- _WORK INSTRUCTION_:
For the records that follow, please set down exactly the lines between the one holding "JD Vance says" and the one holding "DEMARLE Flexipan Origine", inclusive, and only those.

--------

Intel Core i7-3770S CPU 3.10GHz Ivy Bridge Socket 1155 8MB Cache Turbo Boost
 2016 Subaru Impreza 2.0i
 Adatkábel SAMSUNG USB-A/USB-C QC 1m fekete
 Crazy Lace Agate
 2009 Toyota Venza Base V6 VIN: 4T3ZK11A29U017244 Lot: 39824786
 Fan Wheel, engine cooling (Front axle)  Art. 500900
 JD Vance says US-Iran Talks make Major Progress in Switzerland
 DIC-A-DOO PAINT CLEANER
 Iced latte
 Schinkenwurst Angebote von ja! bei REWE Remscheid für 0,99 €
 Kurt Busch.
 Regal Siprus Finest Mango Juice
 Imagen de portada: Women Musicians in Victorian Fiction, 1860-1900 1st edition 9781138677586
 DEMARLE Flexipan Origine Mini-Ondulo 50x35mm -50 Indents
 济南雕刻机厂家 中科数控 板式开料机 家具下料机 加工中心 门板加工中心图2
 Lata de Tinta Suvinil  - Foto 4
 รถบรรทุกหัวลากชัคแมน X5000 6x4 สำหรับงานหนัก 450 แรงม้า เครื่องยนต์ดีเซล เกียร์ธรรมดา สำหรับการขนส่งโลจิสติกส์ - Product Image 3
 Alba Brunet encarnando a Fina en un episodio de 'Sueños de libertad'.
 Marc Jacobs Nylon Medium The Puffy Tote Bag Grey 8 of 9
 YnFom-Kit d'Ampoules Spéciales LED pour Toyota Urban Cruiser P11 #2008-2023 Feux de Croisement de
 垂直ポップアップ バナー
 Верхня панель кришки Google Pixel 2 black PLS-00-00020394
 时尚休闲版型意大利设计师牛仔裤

--------

- _YOUR SOLUTION_:
 JD Vance says US-Iran Talks make Major Progress in Switzerland
 DIC-A-DOO PAINT CLEANER
 Iced latte
 Schinkenwurst Angebote von ja! bei REWE Remscheid für 0,99 €
 Kurt Busch.
 Regal Siprus Finest Mango Juice
 Imagen de portada: Women Musicians in Victorian Fiction, 1860-1900 1st edition 9781138677586
 DEMARLE Flexipan Origine Mini-Ondulo 50x35mm -50 Indents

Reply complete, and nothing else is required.